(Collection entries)
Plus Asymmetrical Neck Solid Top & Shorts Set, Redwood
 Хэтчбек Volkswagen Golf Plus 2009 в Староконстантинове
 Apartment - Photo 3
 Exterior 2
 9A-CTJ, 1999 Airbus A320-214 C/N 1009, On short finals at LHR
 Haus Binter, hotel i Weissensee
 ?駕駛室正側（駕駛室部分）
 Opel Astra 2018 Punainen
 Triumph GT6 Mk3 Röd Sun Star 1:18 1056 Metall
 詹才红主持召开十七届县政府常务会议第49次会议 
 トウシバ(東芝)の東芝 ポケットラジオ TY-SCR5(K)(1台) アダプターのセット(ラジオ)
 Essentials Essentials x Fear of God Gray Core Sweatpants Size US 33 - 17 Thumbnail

**WHAT THE TASK REQUIRES:** From the first record to the last, print each one exactly.

**WRITTEN SOLUTION:**
Plus Asymmetrical Neck Solid Top & Shorts Set, Redwood
 Хэтчбек Volkswagen Golf Plus 2009 в Староконстантинове
 Apartment - Photo 3
 Exterior 2
 9A-CTJ, 1999 Airbus A320-214 C/N 1009, On short finals at LHR
 Haus Binter, hotel i Weissensee
 ?駕駛室正側（駕駛室部分）
 Opel Astra 2018 Punainen
 Triumph GT6 Mk3 Röd Sun Star 1:18 1056 Metall
 詹才红主持召开十七届县政府常务会议第49次会议 
 トウシバ(東芝)の東芝 ポケットラジオ TY-SCR5(K)(1台) アダプターのセット(ラジオ)
 Essentials Essentials x Fear of God Gray Core Sweatpants Size US 33 - 17 Thumbnail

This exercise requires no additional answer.